2016 v. 2020
One of these really isn't like the other.
I have seen some chatter on Twitter this week, mostly in response to the CNN poll that I noted yesterday that placed Biden at +16, that the polls had HRC up by double-digits in early October as well (so look out!). This is both true and misleading. As I have noted before, there has been a bought of over-correction in the minds of many over 2016, given that it looked like Clinton was going to beat Trump and, well, we know the rest.
But, of course, 2016 was less about polling failure than it was about a combination of some models failing, under-polling a few key states, and the fact that a lot of people lack a basic understanding of probability.
Regardless, let’s look at 2016 and 2020, since these really are different years in terms of polling trends.
Here’s RCP 2016 polling average through to Election Day. As I have noted before, the polling average and the actual popular vote outcome was quite close, meaning there was no national-vote polling failure in 2016.

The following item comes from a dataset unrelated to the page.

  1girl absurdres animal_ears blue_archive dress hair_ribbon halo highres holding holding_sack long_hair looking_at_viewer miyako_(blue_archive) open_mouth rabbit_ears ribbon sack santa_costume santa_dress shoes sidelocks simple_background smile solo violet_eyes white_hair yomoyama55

Note two very important things:
- Save back in 2015 and briefly in the Spring of 2016, HRC was never above 50%. (Put another way: she was consistently below 50%, often several points below).
- Public opinion was volatile.
Still, I agree that anyone looking at these numbers would have assumed HRC was going to win (I thought she was going to win) and certainly in early October 2016, one would have felt pretty good about that outcome (although one would have to note that over the summer Trump did show competitiveness).
Switch to 2020 (which only goes until today, obviously):
Note three things:
- Biden has been hovering at, or above, 50% going back to early summer.
- The relative stability of public opinion.
- Trump not only hasn’t lead once, he hasn’t gotten all that close (and even when close, it doesn’t stick for long).
While the 2020 trends do not guarantee a Biden victory, they do show that something very dramatic would have to happen for us to say anything other than Biden is the objective favorite. (And yes, it could all be wrong, but there is nothing about decades of polling history to suggest these numbers are anything other than accurate).
The fact that Biden is at or above 50% indicates, unlike in 2016, there is not a lot of undecideds or third-party voters who could shift toward Trump (as happened in 2016).
Let’s look at the exact same timeframe (9/1-10/7) for both years.
Here’s 2016, where again, we see volatility and HRC unable to get over the 50% support level. Although I will note, this date four years ago showed a gap that would make a person on that day pretty confident of a Clinton win.
Here’s this year, same date range. Again: stability instead of volatility and Biden being no lower than 49% and mostly at or above 50%:
Recognizing the anxiety that many feel about a 2016 repeat, and acknowledging that some could utterly alter the dynamics of the race, the reality is that 2016 and 2020 are very different cycles and should be viewed and discussed as such.